Les nombreux journalistes qui assistaient à cette conférence de presse sont tous repartis en croyant que Morgan Stanley créerait jusqu’à 500 emplois à Montréal - pas qu’elle en maintiendrait 200 et qu’elle en créerait peut-être 300 autres avec l’argent du gouvernement. Surtout que les ministres présents se faisaient fort de souligner que cet investissement était l’aboutissement de quatre années de démarchage d’Investissement Québec.

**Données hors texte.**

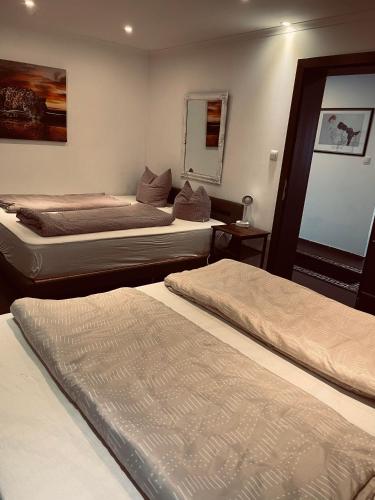 a room with three beds in a room at Appartement Sabrina in Steinberg am Rofan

Cette impression a d’ailleurs été confirmée par la publicité du gouvernement dans La Presse d’hier. Dans cette publicité d’une pleine page qui souligne l’arrivée de Morgan Stanley, Investissement Québec affirme que l’entreprise américaine “créera jusqu’à 500 emplois”.
Si Jean Charest, Monique Jérôme-Forget et Raymond Bachand savaient que 200 emplois étaient transférés et que seulement 300 autres pouvaient être créés, tout ce beau monde a péché par omission en n’en soufflant pas mot jeudi.
Il est sidérant de constater que le gouvernement libéral et Morgan Stanley pensaient enjoliver les retombées de cet investissement tout en croyant que la réalité ne finirait pas par les rattraper.
Le plus absurde de l’affaire, c’est que même en le dégonflant à des proportions plus justes, l’investissement de 200 millions de dollars de Morgan Stanley reste une bonne nouvelle. Mais, à l’évidence, ce n’était pas assez séduisant pour un gouvernement minoritaire qui rêve de se faire réélire.